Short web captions

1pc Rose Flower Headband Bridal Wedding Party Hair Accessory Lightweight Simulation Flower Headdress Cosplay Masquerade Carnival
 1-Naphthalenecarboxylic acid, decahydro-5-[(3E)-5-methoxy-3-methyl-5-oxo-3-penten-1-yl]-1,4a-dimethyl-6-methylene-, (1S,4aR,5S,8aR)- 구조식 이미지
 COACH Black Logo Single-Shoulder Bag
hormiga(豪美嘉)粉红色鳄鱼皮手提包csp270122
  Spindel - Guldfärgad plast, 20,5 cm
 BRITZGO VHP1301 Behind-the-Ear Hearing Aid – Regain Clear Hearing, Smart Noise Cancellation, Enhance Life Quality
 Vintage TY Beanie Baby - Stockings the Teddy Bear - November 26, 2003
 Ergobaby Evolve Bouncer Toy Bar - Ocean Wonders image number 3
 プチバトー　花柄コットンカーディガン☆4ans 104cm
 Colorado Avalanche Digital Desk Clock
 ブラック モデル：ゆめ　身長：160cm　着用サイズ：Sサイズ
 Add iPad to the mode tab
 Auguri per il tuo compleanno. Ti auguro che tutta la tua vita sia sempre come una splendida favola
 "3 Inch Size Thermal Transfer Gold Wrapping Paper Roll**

- About this task
Restate word for word the lines of the data above, starting at the line containing "BRITZGO VHP1301 Behind-the-Ear" and ending at the line containing "Auguri per il", both included, and nothing more.

- Task output
 BRITZGO VHP1301 Behind-the-Ear Hearing Aid – Regain Clear Hearing, Smart Noise Cancellation, Enhance Life Quality
 Vintage TY Beanie Baby - Stockings the Teddy Bear - November 26, 2003
 Ergobaby Evolve Bouncer Toy Bar - Ocean Wonders image number 3
 プチバトー　花柄コットンカーディガン☆4ans 104cm
 Colorado Avalanche Digital Desk Clock
 ブラック モデル：ゆめ　身長：160cm　着用サイズ：Sサイズ
 Add iPad to the mode tab
 Auguri per il tuo compleanno. Ti auguro che tutta la tua vita sia sempre come una splendida favola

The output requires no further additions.